◆ MATERIAL PROVIDED ◆

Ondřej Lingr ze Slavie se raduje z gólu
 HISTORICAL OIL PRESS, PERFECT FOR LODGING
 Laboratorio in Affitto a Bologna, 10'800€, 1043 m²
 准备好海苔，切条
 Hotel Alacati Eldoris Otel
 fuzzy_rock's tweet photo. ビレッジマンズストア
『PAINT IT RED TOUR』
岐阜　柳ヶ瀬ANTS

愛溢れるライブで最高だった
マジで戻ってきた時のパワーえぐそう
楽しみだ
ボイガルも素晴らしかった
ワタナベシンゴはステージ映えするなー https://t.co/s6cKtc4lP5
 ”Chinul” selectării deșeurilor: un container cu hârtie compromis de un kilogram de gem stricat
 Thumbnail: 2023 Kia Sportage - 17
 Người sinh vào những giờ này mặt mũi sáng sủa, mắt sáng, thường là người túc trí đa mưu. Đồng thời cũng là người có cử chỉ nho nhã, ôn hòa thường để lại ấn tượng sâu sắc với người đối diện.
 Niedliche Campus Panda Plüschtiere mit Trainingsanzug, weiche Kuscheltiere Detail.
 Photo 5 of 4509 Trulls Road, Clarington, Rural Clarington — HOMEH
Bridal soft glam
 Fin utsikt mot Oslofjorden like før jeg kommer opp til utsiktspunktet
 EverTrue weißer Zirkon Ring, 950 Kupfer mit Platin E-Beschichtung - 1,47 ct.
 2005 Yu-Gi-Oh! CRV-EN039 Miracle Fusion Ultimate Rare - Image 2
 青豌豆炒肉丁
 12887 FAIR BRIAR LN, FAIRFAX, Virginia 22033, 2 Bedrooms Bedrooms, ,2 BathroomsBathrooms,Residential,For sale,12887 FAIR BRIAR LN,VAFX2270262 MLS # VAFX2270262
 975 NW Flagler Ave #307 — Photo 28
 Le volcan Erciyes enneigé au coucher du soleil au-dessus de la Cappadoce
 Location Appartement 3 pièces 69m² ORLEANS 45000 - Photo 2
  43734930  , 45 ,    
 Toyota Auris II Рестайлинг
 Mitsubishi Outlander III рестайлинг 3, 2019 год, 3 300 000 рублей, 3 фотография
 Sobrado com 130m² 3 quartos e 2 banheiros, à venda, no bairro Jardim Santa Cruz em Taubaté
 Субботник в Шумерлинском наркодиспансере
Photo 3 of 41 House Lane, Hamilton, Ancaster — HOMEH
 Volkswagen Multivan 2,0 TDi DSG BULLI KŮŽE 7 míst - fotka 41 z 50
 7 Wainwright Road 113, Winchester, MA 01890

◆ PROBLEM ◆
The range runs from the line with "2005 Yu-Gi-Oh! CRV-EN039" up to and including the line with "975 NW Flagler Ave #307 — Photo 28" in the listing above; please write out exactly those lines and nothing more.

◆ RESPONSE BOX ◆
 2005 Yu-Gi-Oh! CRV-EN039 Miracle Fusion Ultimate Rare - Image 2
 青豌豆炒肉丁
 12887 FAIR BRIAR LN, FAIRFAX, Virginia 22033, 2 Bedrooms Bedrooms, ,2 BathroomsBathrooms,Residential,For sale,12887 FAIR BRIAR LN,VAFX2270262 MLS # VAFX2270262
 975 NW Flagler Ave #307 — Photo 28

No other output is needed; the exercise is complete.